At the introduction stage of a product lifecycle product quality levels and branding are established as are intellectual property aspects like trademarks and patents. The nature of pricing at this instance may be either low to enable market penetration or high to facilitate the recouping of development costs. Promotion exercises largely target early adopters and it is all about creating awareness. Distribution remains selective until customers have been observed to accept the product to feasible levels.
The growth stage of a product lifecycle sees firms endeavor to expand market share and consolidate brand preference. The quality of the product is still maintained and extra features may be added to increase customer preference. The same pricing structure is retained as the firm enjoys the benefits that come with increasing demand and limited competition. The promotional activities that the firm sets out to do are generally aimed at increasing the market share by targeting wider audiences. Distribution channels start being developed thanks to increased product acceptance and demand by customers.

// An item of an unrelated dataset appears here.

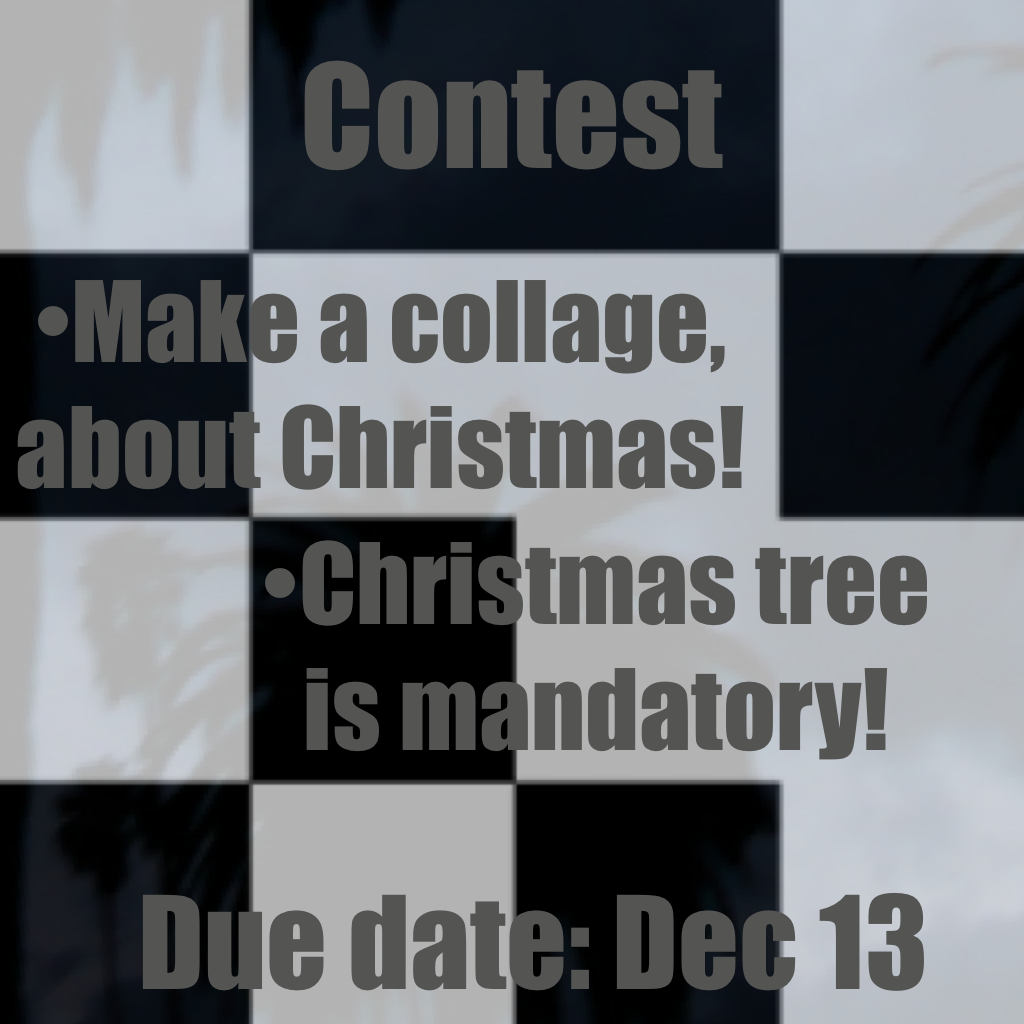 Christmas Contest!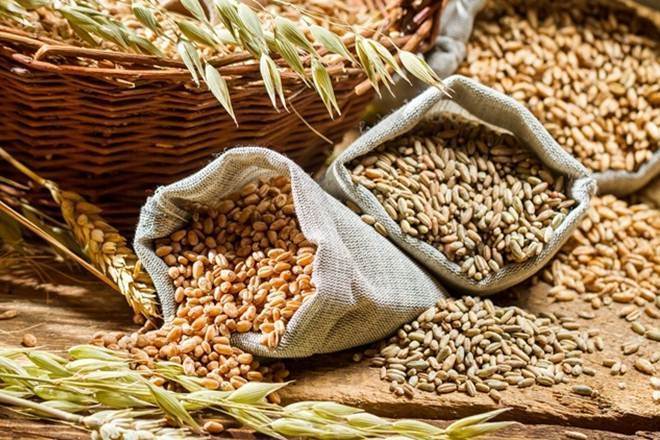 Govt sets foodgrain production target at record 298.3 million tonnes ...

During the maturity stage of the product lifecycle the increasing market share of the previous stage becomes restrained. It is very likely that competitors will have introduced new similar products. The firm will at this stage try to retain its market share while seeking to make maximum profits. The product may be improved in a way to make it better than what competitors are offering. Promotional aspects will largely seek to create awareness with respect to product differentiation and the pricing may be set lower in response to the competition. Distribution activities will see added vigor and the introduction of incentives in a bid to win over customers attracted by the competitors.
In decline the firm may decide to stick with the product and make improvements to it or a new use for it in the market. The firm may also harvest the product by making price reductions and availing it to loyal customers. Alternatively the firm may opt to discontinue the product.
In product marketing the firm must understand what range of products it will offer and who the target customers will be. Informed product marketing also seeks to know how these products will reach the desired customers i.e. through distribution channels and also why these customers will prefer these products as opposed to what competitors offer.